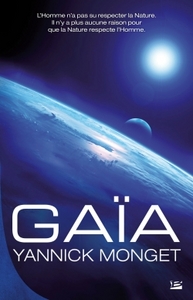 Image de Gaïa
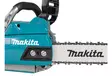 Akkuketjusaha Makita UC010GZ 40V XGT - Akkuketjusahat - 088381762755 - 5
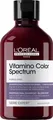 L'Oréal Professionnel Vitamino Color Spectrum Purple Dyes Neutralizing Shampoo 300 ml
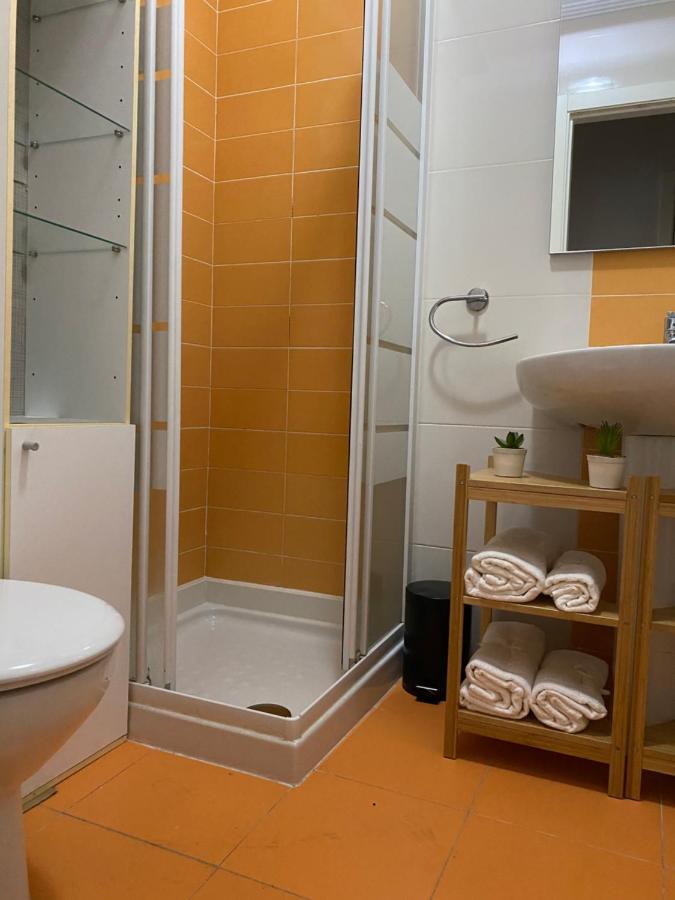 Alargos Apartamento Foz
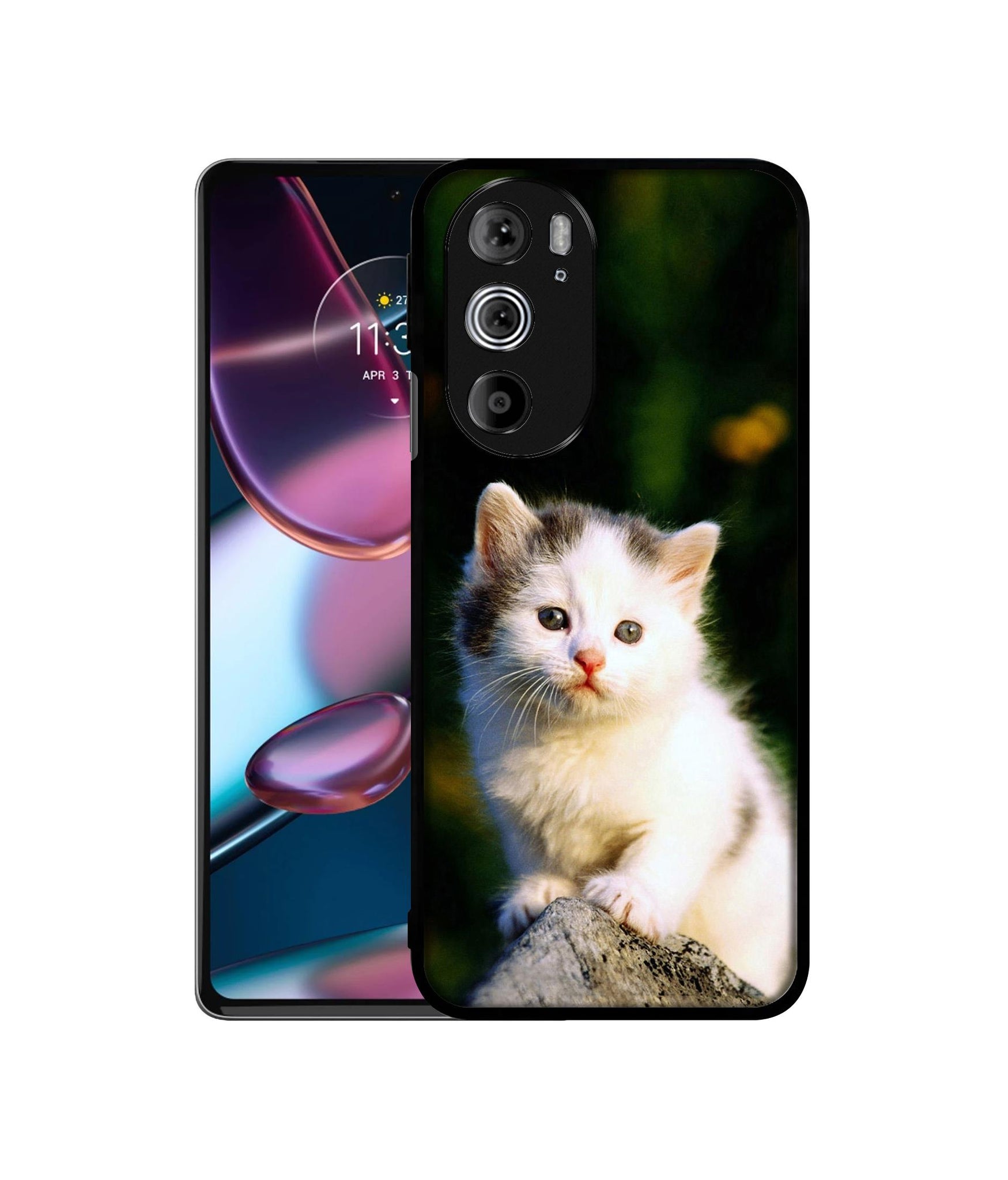 Motorola edge 30 Pro 5G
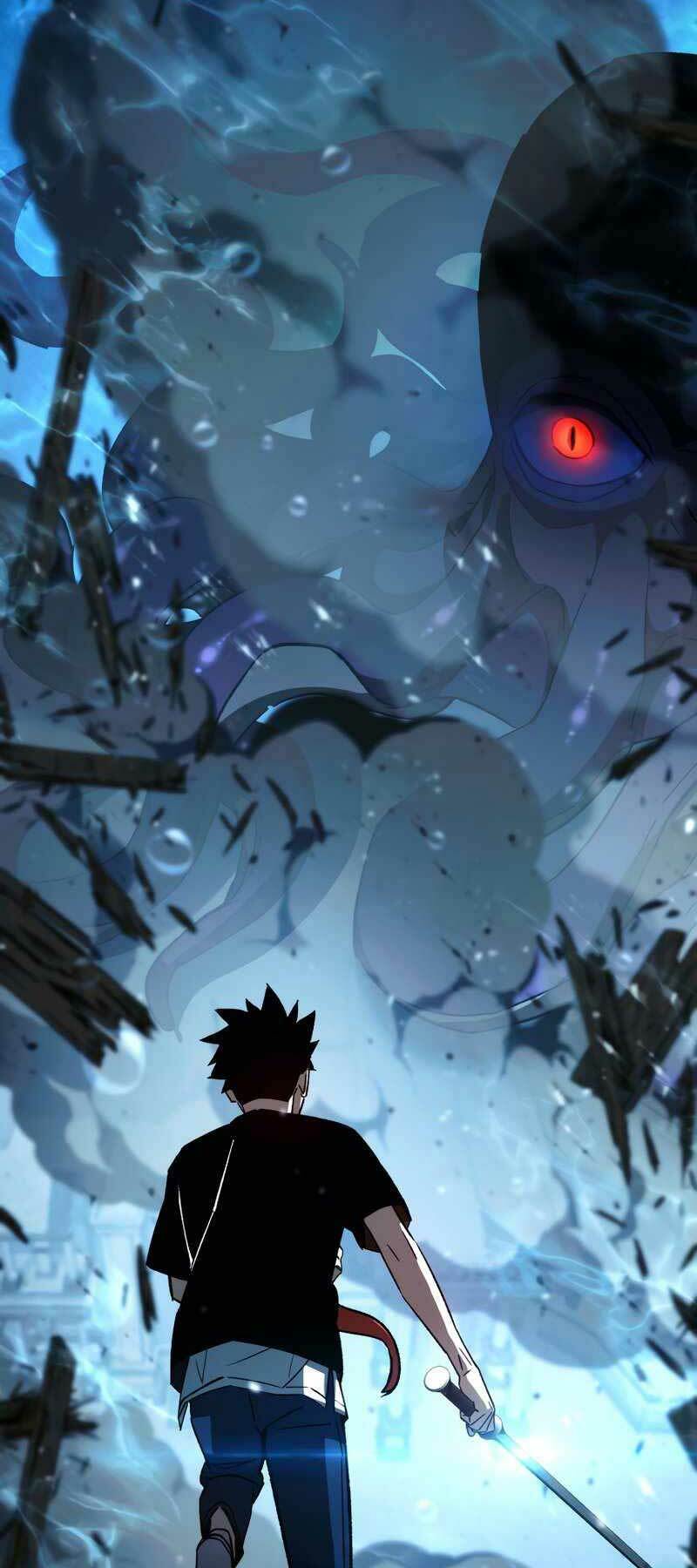 Anh Hùng Trở Lại - Chapter 70 - Page 16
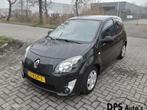 Renault Twingo 1.2-16V Authentique Facelift, Airco, Lage km, 839 kg, Gebruikt, 4 cilinders, Metallic lak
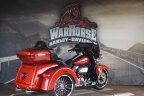Thumbnail Photo 2 for New 2025 Harley-Davidson Trike Tri Glide Ultra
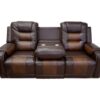 Forbes Reclining Loveseat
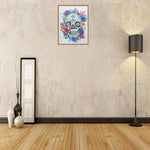 Full Drill - 5D DIY Diamond Painting Kits Colorful Cartoon 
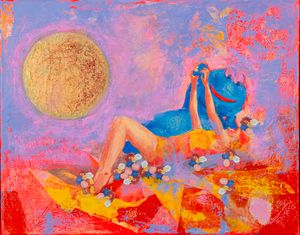 da qui all eternita mariella mazzola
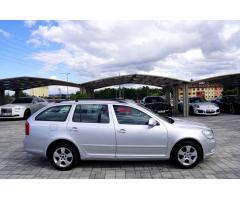 Škoda Octavia 1.6 TDI Elegance Edition Combi - 7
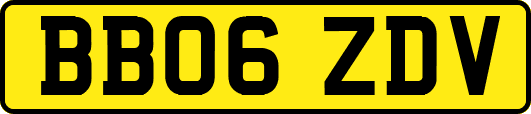 BB06ZDV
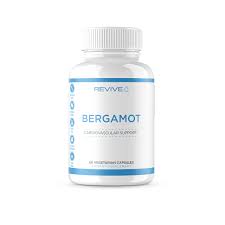 Bergamot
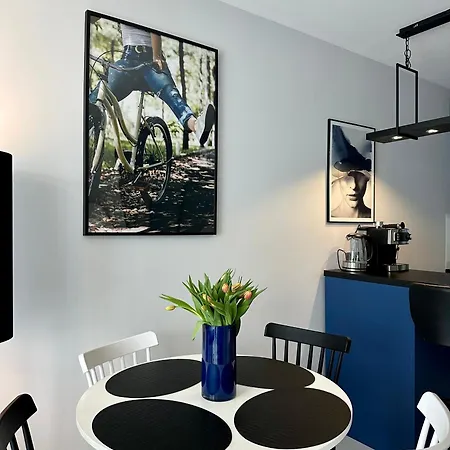 Apartamento Blisko Gor Szyndzielnia Bielsko-Biala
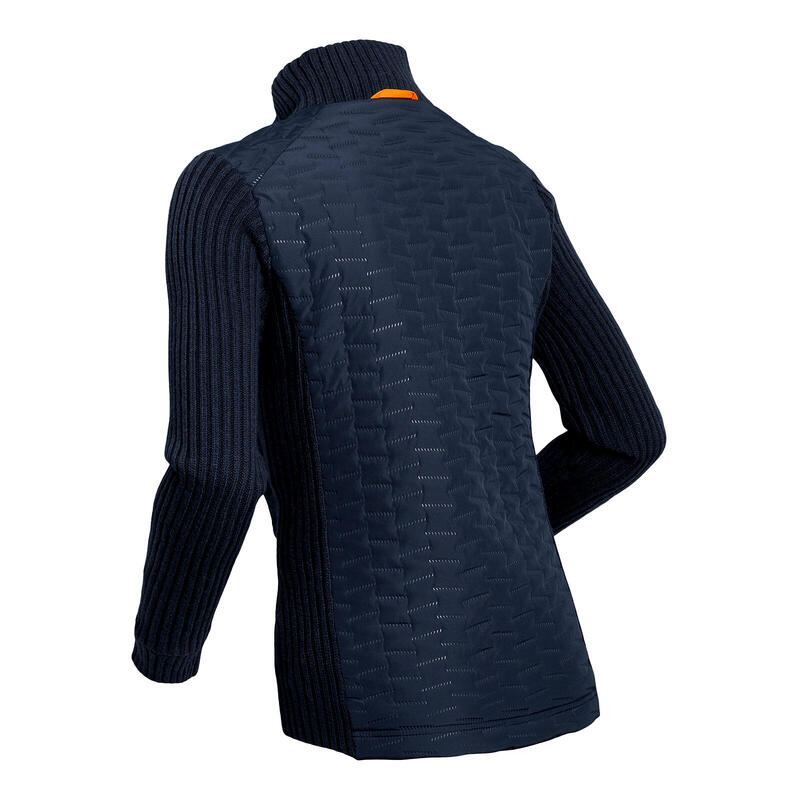 Jachetă de drumeție Daehlie Comfy pentru femei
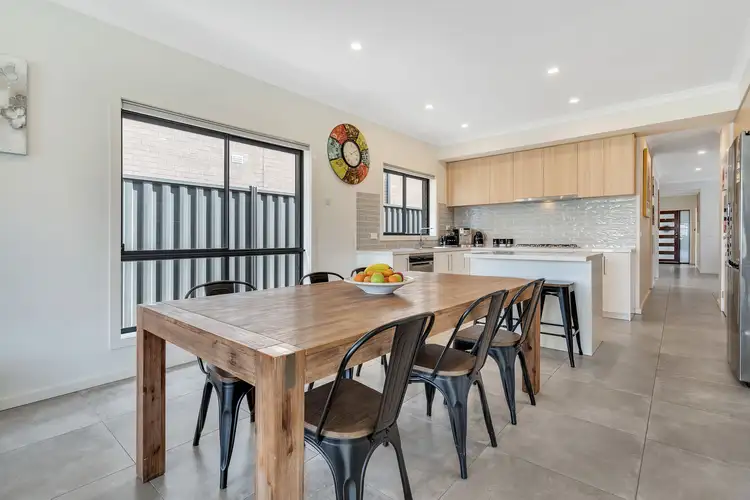 Fourth view of Homely house listing, 42 Shale Way, Wollert VIC 3750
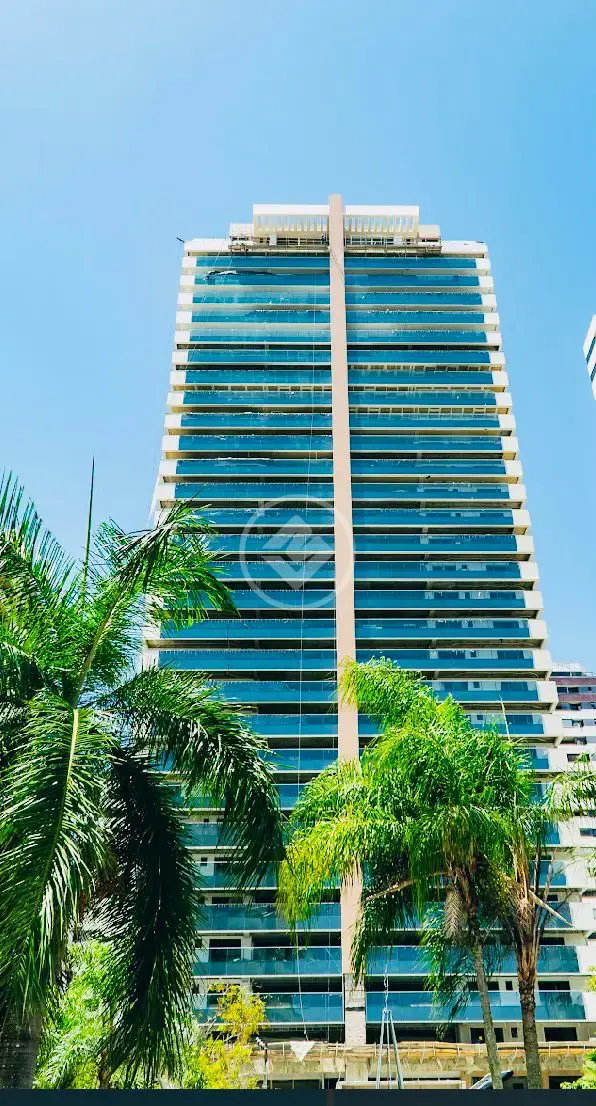 Imagem 1 - Apartamento em Aquarius, Salvador - BA
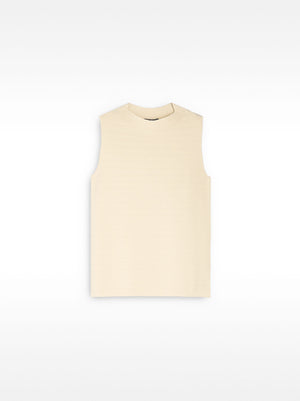 Ribbed Knit Top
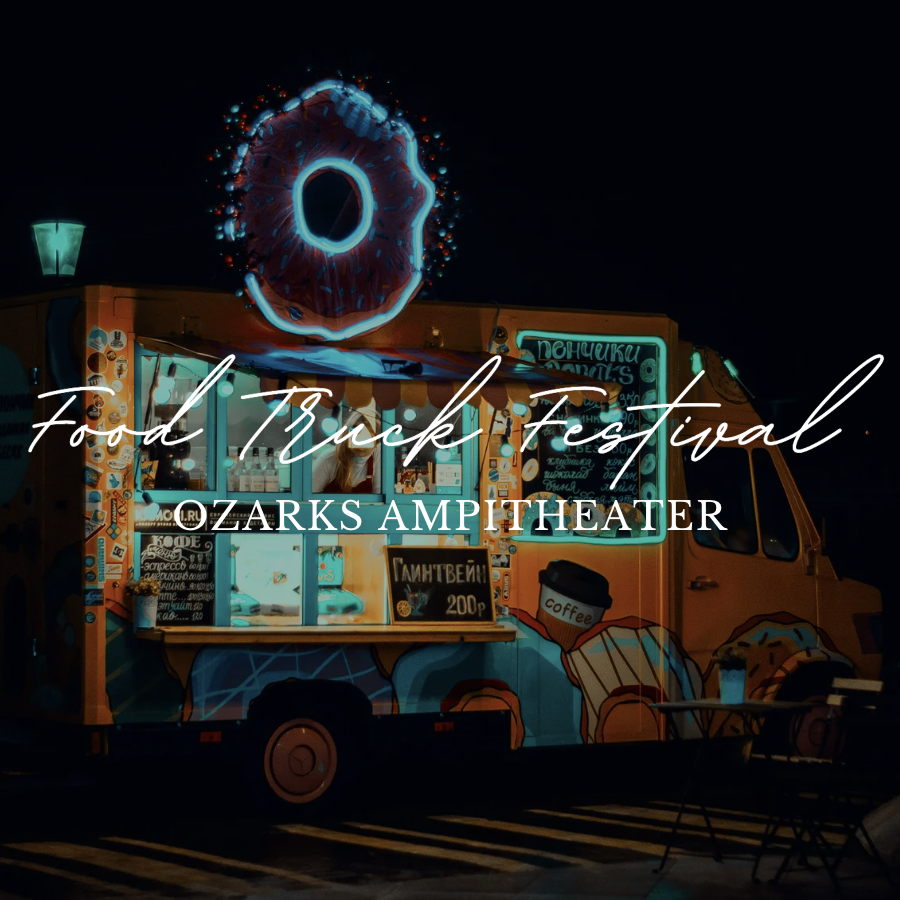 Lake Ozark Food Truck Festival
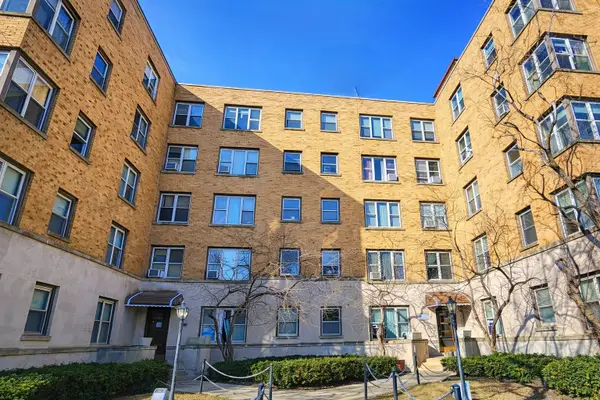 2606 W Balmoral Avenue #211, Chicago, IL 60625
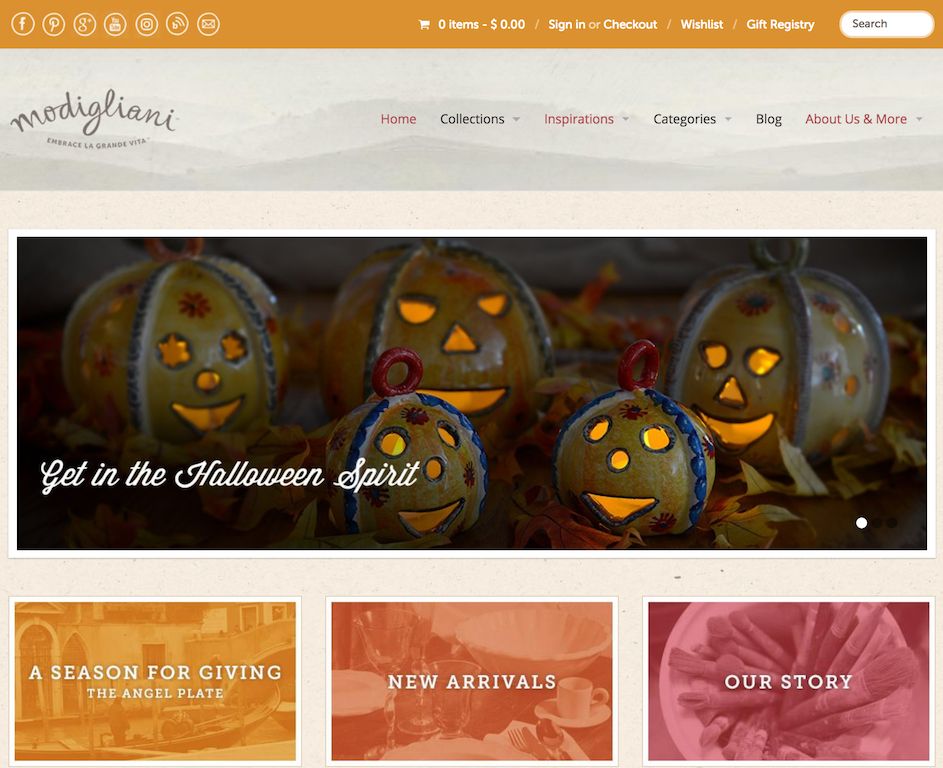 Content Strategy, Blogging, Social Media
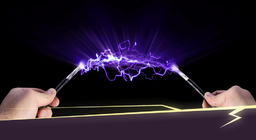 Електрика небезпечна?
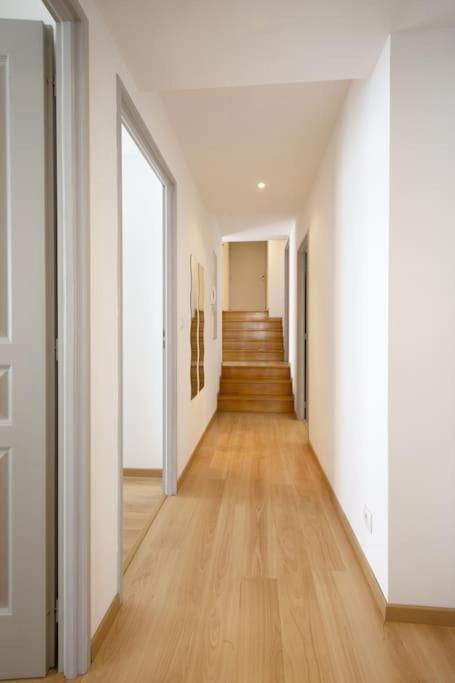 Gambetta Apartment *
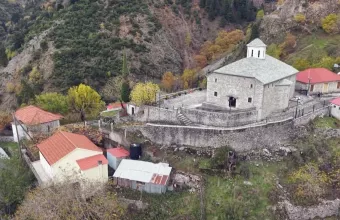 Πώς είναι να ζεις σε απομονωμένο ορεινό χωριό;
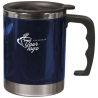 Mug isotherme en acier inoxydable Gabi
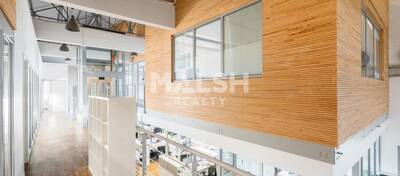 MALSH Realty & Property - Local d'activités - Extérieurs NORD (Villefranche / Belleville) - Saint-André-de-Corcy - 14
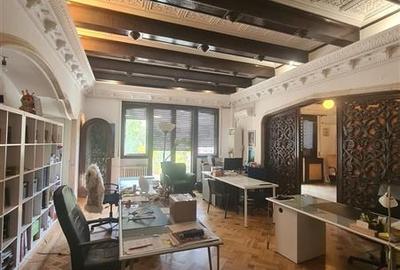 Casă individuală cu 20 camere cu Piscina în Pache Protopopescu - 4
::::::::
Aim of the exercise:
Copy all of the records verbatim, omitting the pictures.

Answer to this task:
 Image de Gaïa
 Akkuketjusaha Makita UC010GZ 40V XGT - Akkuketjusahat - 088381762755 - 5
 L'Oréal Professionnel Vitamino Color Spectrum Purple Dyes Neutralizing Shampoo 300 ml
 Alargos Apartamento Foz
 Motorola edge 30 Pro 5G
 Anh Hùng Trở Lại - Chapter 70 - Page 16
 Renault Twingo 1.2-16V Authentique Facelift, Airco, Lage km, 839 kg, Gebruikt, 4 cilinders, Metallic lak
Thumbnail Photo 2 for New 2025 Harley-Davidson Trike Tri Glide Ultra
 Forbes Reclining Loveseat
 Full Drill - 5D DIY Diamond Painting Kits Colorful Cartoon 
 da qui all eternita mariella mazzola
 Škoda Octavia 1.6 TDI Elegance Edition Combi - 7
 BB06ZDV
 Bergamot
 Apartamento Blisko Gor Szyndzielnia Bielsko-Biala
 Jachetă de drumeție Daehlie Comfy pentru femei
 Fourth view of Homely house listing, 42 Shale Way, Wollert VIC 3750
 Imagem 1 - Apartamento em Aquarius, Salvador - BA
 Ribbed Knit Top
 Lake Ozark Food Truck Festival
 2606 W Balmoral Avenue #211, Chicago, IL 60625
 Content Strategy, Blogging, Social Media
 Електрика небезпечна?
 Gambetta Apartment *
 Πώς είναι να ζεις σε απομονωμένο ορεινό χωριό;
 Mug isotherme en acier inoxydable Gabi
 MALSH Realty & Property - Local d'activités - Extérieurs NORD (Villefranche / Belleville) - Saint-André-de-Corcy - 14
 Casă individuală cu 20 camere cu Piscina în Pache Protopopescu - 4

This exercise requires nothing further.